**Data for review**
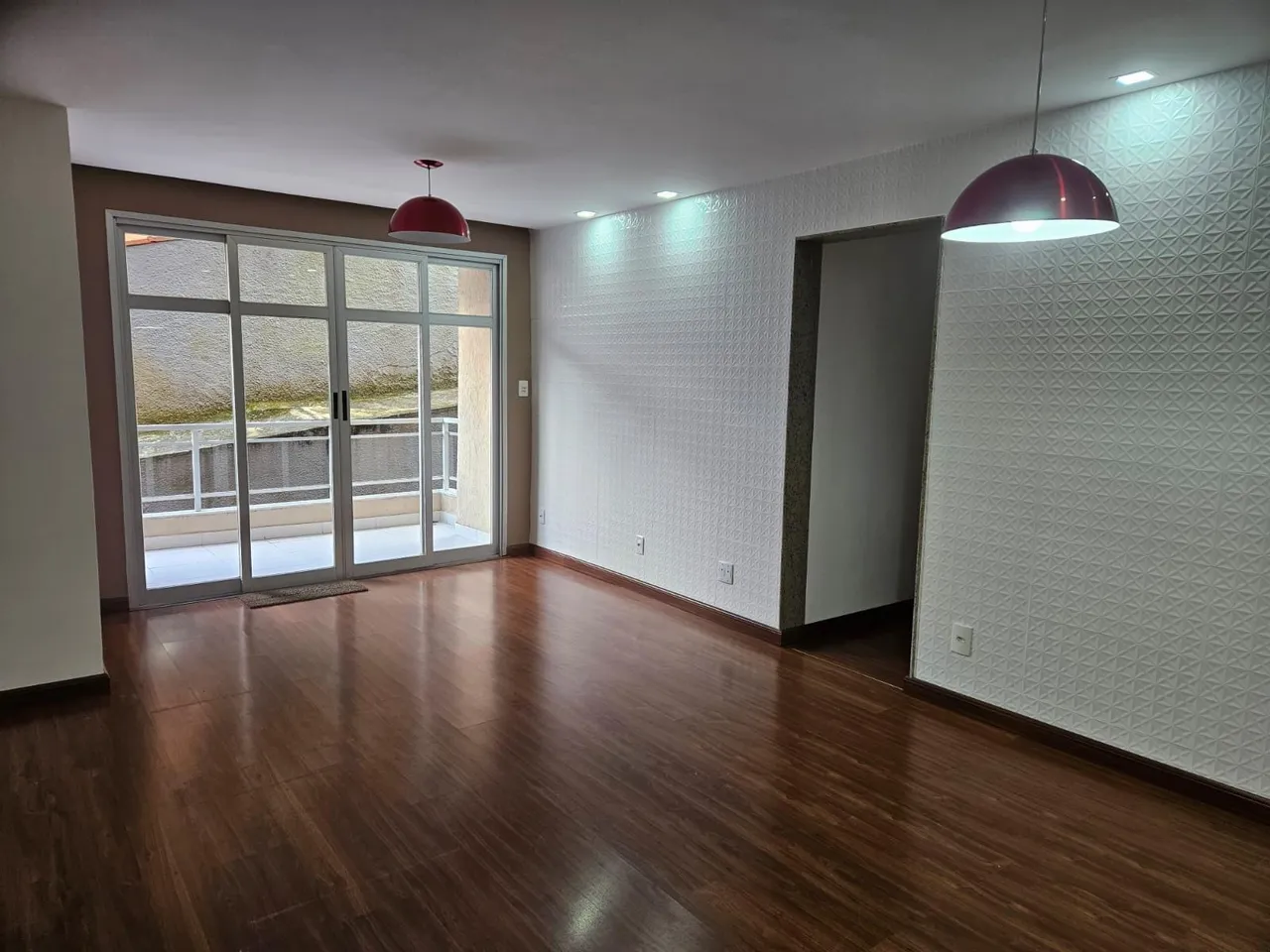 Apartamento à venda, Bingen, Petrópolis, RJ
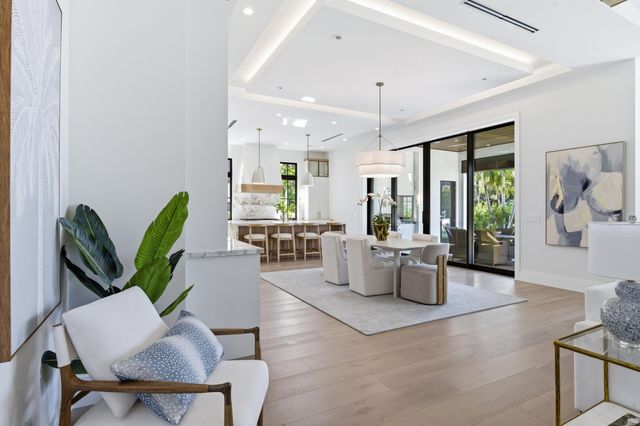 2442 Bay Circle, Palm Beach Gardens, FL 33410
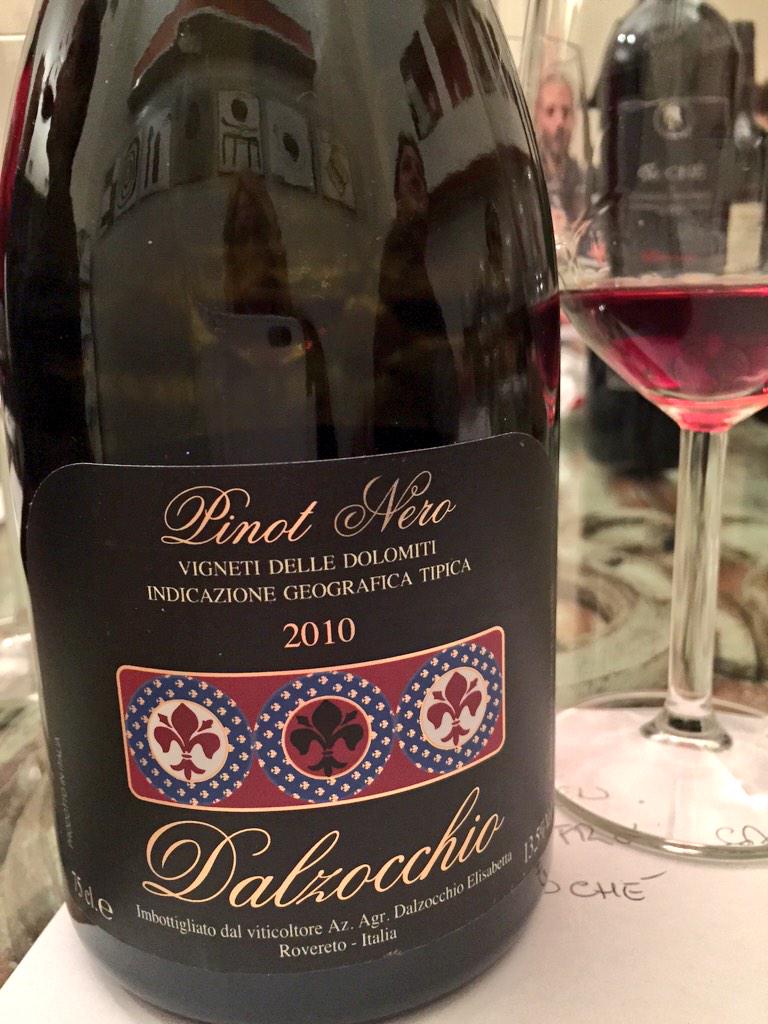 MONICABIANCIARD's tweet photo. Ha sempre un suo perché il bel Pinot nero di Dalzocchio!@appdegustazione @DanieleArcangel @DanielePalma7 @oli1959 http://t.co/yeQ7ogpYWu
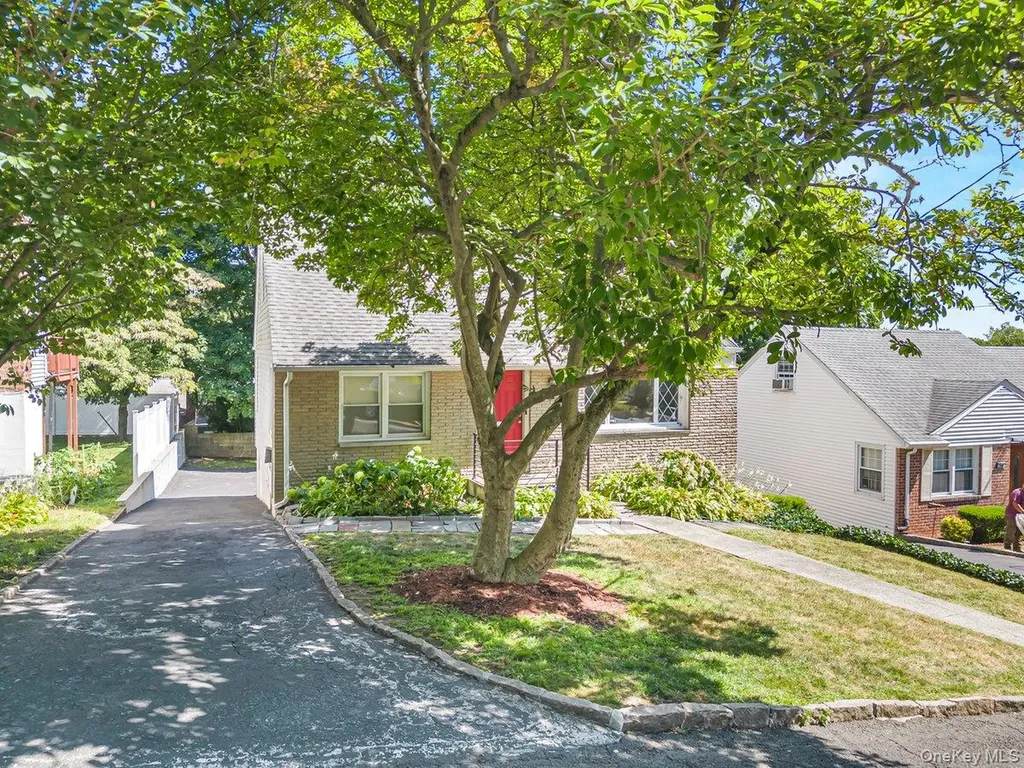 104 Lefferts Road Yonkers NY 10705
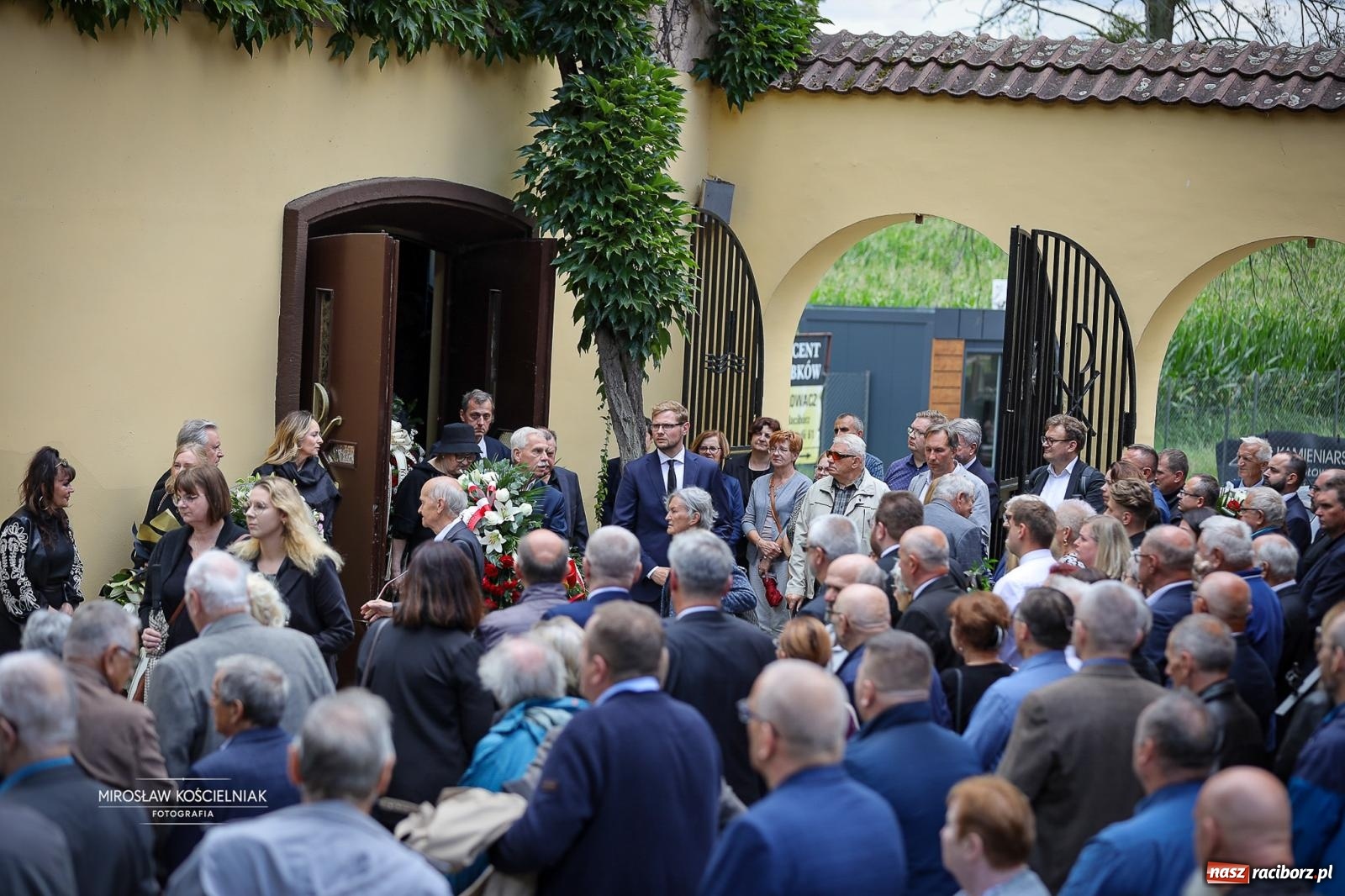 Zdjęcie w galerii na portalu naszraciborz.pl: Ostatnie pożegnanie śp. Ryszarda Mularczyka na cmentarzu Jeruzalem w Raciborzu [FOTO] wiadomości z regionu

**Work task**
Set down exactly and only the lines from the start of the entries above through the line containing "104 Lefferts Road Yonkers NY 10705", both ends included, omitting the pictures.

**Answer to this task**
 Apartamento à venda, Bingen, Petrópolis, RJ
 2442 Bay Circle, Palm Beach Gardens, FL 33410
 MONICABIANCIARD's tweet photo. Ha sempre un suo perché il bel Pinot nero di Dalzocchio!@appdegustazione @DanieleArcangel @DanielePalma7 @oli1959 http://t.co/yeQ7ogpYWu
 104 Lefferts Road Yonkers NY 10705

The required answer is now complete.